◆ Input data ◆
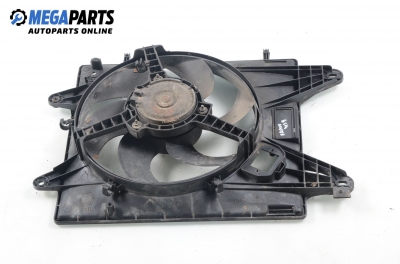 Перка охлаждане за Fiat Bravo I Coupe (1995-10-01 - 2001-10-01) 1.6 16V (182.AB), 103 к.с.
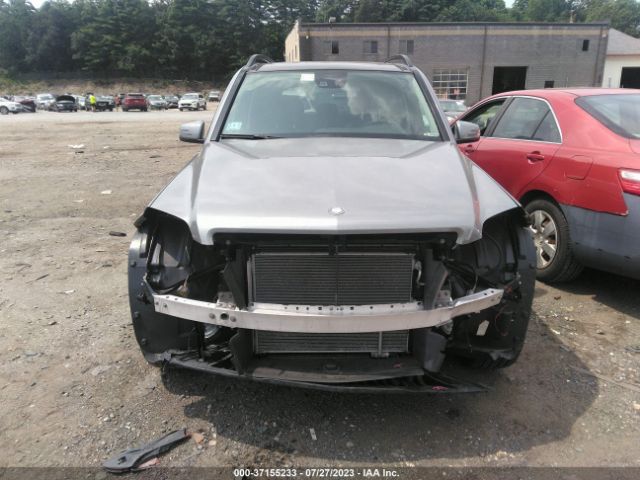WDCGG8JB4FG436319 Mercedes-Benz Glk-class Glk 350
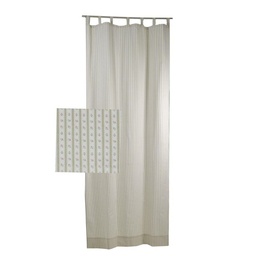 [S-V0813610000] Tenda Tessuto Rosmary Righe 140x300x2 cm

◆ Task to carry out ◆
Transcribe the preceding listing in its entirety and with exact wording, leaving out pictures.

◆ Answer to the exercise ◆
 Перка охлаждане за Fiat Bravo I Coupe (1995-10-01 - 2001-10-01) 1.6 16V (182.AB), 103 к.с.
WDCGG8JB4FG436319 Mercedes-Benz Glk-class Glk 350
 [S-V0813610000] Tenda Tessuto Rosmary Righe 140x300x2 cm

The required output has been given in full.